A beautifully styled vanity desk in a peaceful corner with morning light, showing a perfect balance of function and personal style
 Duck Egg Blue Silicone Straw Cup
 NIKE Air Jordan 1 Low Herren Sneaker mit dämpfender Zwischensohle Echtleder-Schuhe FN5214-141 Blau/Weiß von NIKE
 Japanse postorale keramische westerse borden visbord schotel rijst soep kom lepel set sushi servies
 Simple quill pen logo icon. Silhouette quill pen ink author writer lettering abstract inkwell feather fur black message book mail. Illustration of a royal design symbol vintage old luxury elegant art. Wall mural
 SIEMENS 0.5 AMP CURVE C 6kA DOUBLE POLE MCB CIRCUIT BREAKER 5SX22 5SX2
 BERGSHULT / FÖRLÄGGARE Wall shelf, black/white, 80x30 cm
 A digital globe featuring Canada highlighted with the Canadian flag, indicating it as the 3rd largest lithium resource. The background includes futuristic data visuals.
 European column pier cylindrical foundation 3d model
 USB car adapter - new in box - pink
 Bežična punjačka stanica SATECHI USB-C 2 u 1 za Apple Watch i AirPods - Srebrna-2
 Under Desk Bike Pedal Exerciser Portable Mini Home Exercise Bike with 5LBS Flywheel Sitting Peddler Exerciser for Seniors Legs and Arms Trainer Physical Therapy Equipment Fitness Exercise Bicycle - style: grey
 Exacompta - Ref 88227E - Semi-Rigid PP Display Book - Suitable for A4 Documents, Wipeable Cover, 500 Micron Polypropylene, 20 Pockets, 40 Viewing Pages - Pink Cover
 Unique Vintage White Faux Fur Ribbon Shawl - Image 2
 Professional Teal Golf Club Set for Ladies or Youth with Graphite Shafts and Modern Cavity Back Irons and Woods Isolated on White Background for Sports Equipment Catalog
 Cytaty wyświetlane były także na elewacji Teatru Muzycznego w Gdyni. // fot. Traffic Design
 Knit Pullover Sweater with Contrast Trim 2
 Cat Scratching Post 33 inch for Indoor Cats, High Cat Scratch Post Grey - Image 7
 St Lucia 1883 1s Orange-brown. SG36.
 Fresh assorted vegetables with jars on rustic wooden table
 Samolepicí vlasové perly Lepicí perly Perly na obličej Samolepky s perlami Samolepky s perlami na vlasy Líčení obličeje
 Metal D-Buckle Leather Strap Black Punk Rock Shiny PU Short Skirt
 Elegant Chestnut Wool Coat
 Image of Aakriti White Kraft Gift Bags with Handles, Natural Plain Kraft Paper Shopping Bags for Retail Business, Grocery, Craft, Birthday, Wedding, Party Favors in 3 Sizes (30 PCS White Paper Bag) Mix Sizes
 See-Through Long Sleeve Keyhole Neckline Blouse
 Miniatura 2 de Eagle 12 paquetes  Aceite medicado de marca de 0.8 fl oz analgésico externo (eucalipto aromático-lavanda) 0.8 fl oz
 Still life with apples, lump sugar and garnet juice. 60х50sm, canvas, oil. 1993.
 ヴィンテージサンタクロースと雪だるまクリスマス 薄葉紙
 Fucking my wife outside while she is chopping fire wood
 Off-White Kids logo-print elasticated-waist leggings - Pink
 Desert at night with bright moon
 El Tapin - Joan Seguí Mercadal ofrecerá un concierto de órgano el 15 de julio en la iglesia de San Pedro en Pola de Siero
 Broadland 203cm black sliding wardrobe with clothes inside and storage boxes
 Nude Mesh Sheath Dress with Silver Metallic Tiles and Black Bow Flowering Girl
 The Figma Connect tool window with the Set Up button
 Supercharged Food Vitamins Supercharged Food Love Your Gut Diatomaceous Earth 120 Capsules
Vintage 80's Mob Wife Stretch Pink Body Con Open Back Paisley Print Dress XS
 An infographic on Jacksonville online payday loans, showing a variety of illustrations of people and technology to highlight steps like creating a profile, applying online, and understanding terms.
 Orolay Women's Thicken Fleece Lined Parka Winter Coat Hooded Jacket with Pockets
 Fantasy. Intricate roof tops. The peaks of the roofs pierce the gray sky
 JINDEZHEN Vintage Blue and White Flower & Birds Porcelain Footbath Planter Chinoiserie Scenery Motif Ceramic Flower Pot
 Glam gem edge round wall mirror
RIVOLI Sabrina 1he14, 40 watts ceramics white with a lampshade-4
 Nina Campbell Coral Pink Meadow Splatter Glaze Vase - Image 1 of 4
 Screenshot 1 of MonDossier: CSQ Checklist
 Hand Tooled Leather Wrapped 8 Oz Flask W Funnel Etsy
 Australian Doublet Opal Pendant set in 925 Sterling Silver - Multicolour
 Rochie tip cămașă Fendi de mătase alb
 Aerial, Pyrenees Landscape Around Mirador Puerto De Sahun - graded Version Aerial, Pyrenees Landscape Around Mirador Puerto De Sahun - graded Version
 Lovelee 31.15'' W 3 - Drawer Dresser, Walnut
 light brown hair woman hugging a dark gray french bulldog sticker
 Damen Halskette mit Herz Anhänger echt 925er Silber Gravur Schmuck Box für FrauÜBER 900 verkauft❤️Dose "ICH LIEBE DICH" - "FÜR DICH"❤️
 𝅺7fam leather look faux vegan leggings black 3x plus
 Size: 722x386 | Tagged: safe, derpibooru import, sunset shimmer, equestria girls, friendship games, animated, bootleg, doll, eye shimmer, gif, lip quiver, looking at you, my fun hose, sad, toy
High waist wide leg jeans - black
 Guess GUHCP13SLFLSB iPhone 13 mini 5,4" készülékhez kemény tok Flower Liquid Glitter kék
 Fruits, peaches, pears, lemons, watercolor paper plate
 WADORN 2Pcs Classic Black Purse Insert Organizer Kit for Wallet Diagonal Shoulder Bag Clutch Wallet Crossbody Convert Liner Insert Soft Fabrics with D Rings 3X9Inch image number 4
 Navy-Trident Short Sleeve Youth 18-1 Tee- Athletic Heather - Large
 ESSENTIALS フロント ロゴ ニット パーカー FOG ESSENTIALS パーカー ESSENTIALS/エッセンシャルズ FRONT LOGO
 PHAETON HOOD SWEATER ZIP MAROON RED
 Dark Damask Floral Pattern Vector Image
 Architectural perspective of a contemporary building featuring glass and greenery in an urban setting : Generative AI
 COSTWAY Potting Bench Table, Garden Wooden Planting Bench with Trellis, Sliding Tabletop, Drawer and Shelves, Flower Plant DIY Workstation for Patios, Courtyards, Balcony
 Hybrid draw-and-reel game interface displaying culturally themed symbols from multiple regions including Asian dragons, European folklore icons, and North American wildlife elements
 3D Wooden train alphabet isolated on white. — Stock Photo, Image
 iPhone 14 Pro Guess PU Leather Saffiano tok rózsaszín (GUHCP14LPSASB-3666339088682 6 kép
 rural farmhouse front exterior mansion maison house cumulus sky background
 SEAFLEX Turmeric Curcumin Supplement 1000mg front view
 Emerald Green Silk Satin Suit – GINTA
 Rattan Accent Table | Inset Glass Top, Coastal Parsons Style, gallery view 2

□ □ □ □ □ □ □

• [Required action]: Among the records above, a stretch begins at the line containing "Professional Teal Golf" and ends at the line containing "Fresh assorted vegetables". Restate that stretch word for word, and nothing else.

• [Response]:
 Professional Teal Golf Club Set for Ladies or Youth with Graphite Shafts and Modern Cavity Back Irons and Woods Isolated on White Background for Sports Equipment Catalog
 Cytaty wyświetlane były także na elewacji Teatru Muzycznego w Gdyni. // fot. Traffic Design
 Knit Pullover Sweater with Contrast Trim 2
 Cat Scratching Post 33 inch for Indoor Cats, High Cat Scratch Post Grey - Image 7
 St Lucia 1883 1s Orange-brown. SG36.
 Fresh assorted vegetables with jars on rustic wooden table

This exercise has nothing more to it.